Research matters ... phosphorous and growing medium pH

Dr Ken Cockshull, Emeritus Fellow at Warwick HRI, highlights the latest findings from horticultural research.

Research outlined in an earlier article showed that the roots of geraniums produce acids when they are exposed to high temperatures. These acids lower the pH of the growing medium, which increases the availability of micronutrients and causes symptoms of micronutrient toxicity in the plants. The effects are worse if the plants are deficient in phosphorous.

In the research described here, zonal geranium cuttings were rooted, planted in a peat:perlite mixture and then grown in growth rooms at four different light levels. The day/night temperatures were 22 degsC/18 degsC. In another, similar experiment, as well as four different light levels, there were five different phosphorous concentrations in the growing media. The pH of the growing media fell if no phosphorous was added, especially at the higher light level.

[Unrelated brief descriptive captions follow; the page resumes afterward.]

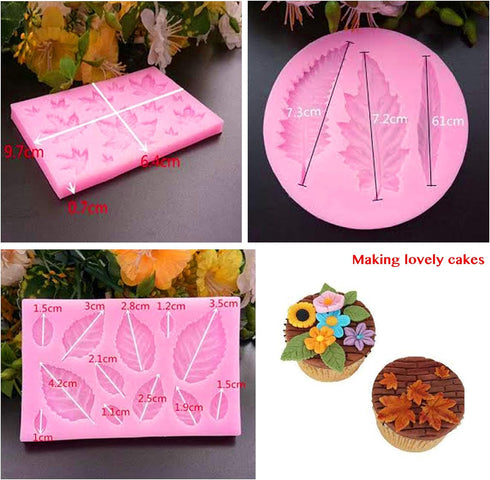 3 Pcs Assorted Leaf Fondant Mold, 3D Leaf Silicone Molds for Chocolate Candy, Sugarcraft Cake Decoration, Cupcake Topper, Polymer Clay...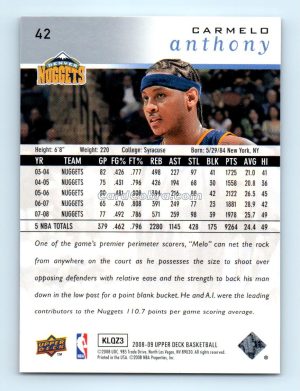 2008 Upper Deck #42 Carmelo Anthony Denver Nuggets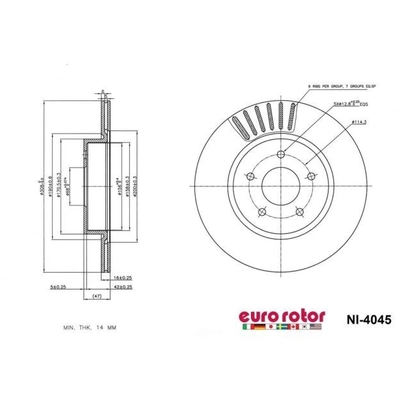 Rear Premium Rotor by EUROROTOR - NI4045 pa7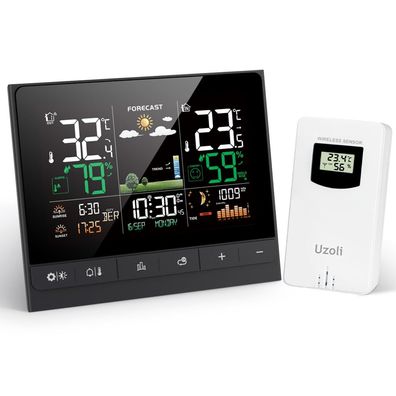 Uzoli EM3403 Wetterstation Funk mit Außensensor Farbdisplay Mondphase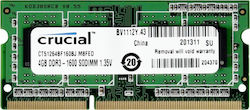 Crucial 4GB DDR3 RAM με Ταχύτητα 1600 για Laptop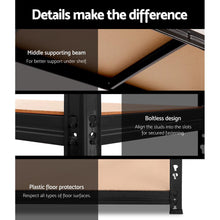 Load image into Gallery viewer, Giantz 1.8M Warehouse Racking Shelving Storage Shelf Garage Shelves Rack Steel Black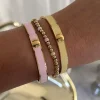 Capri Emaljert Armbånd Lys Rosa/Gull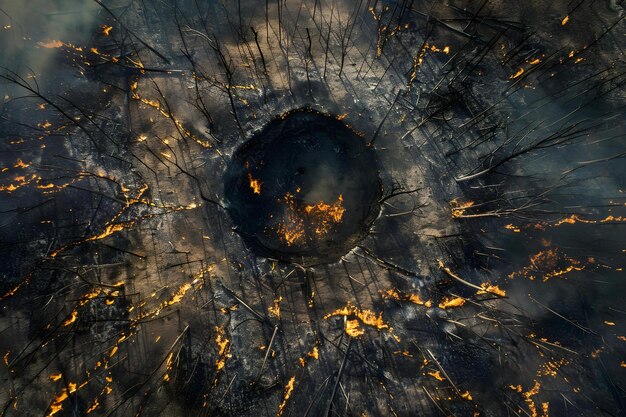 Photo illegal forest clearing through fire aerial view of environmental destruction and ecological issues concept forest fires environmental destruction illegal activity aerial view ecological issues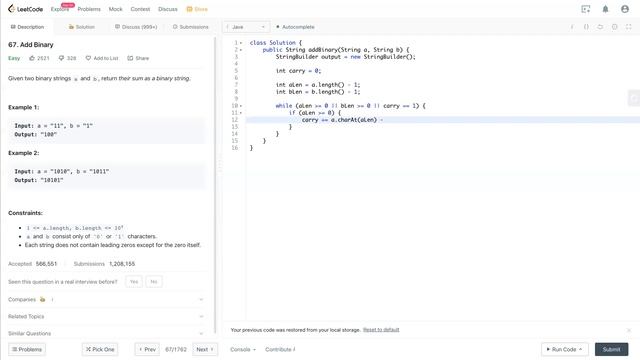 Leetcode 67 - Add Binary (JAVA Solution Explained!) смотреть онлайн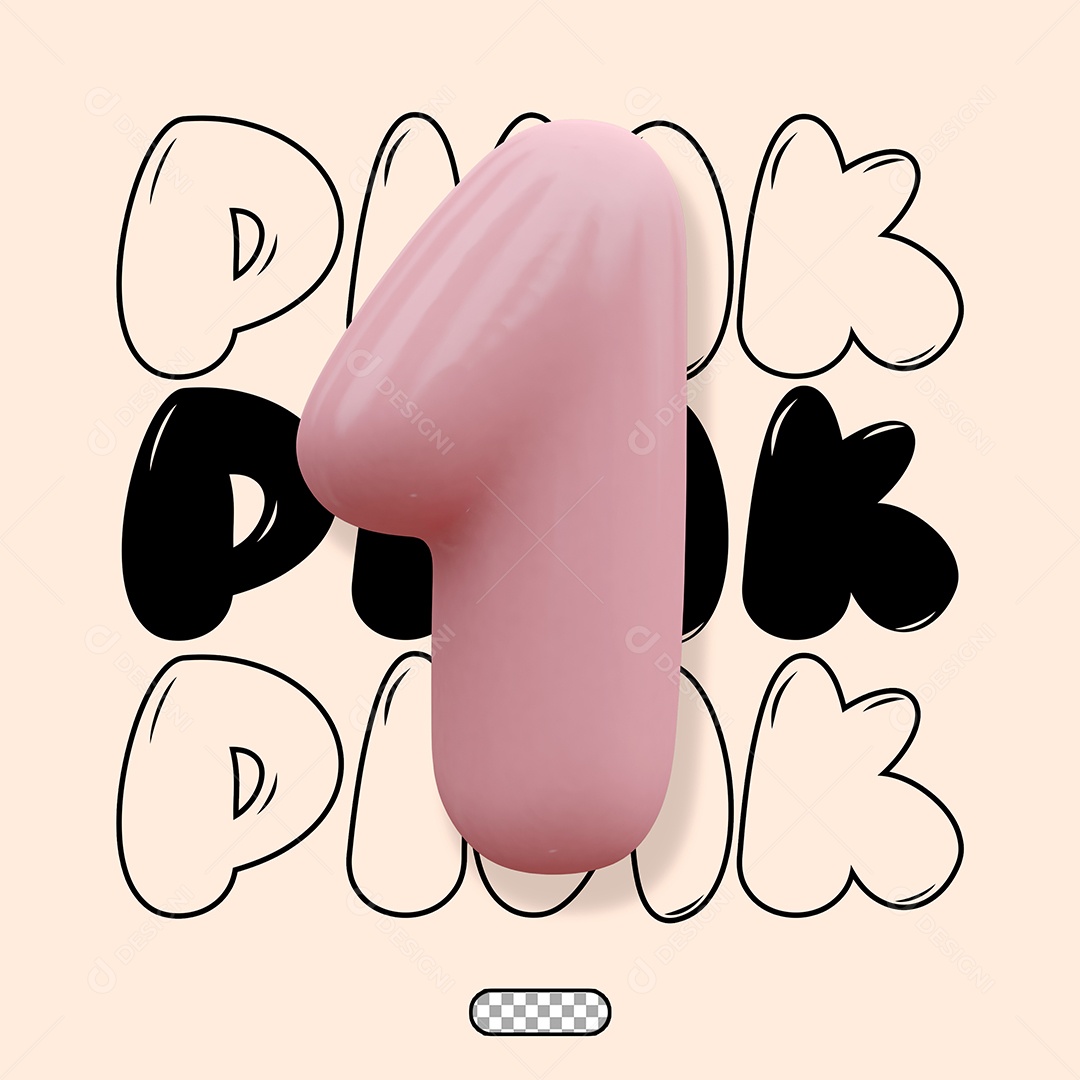 Elemento 3D Número 1 Rosa para Composição PSD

Geraniums were also grown under two different light levels and in water culture so that phosphorous uptake could easily be measured. The higher light level suppressed phosphorous uptake but it didn't cause acidification if sufficient phosphorous was available.

The results confirm that phosphorous-deficient geraniums will acidify their growing medium, especially if they are grown for long periods under high light. Evidently, growing media should be monitored regularly to ensure that phosphorous concentrations are adequate.

Substrate Acidification by Geranium: Light Effects and Phosphorous Uptake by Taylor, Nelson & Frantz (2008). Journal of the American Society for Horticultural Science 133 (4): 515-520. Members of ISHS can view the Journal of the American Society for Horticultural Science from the website www.ishs.org.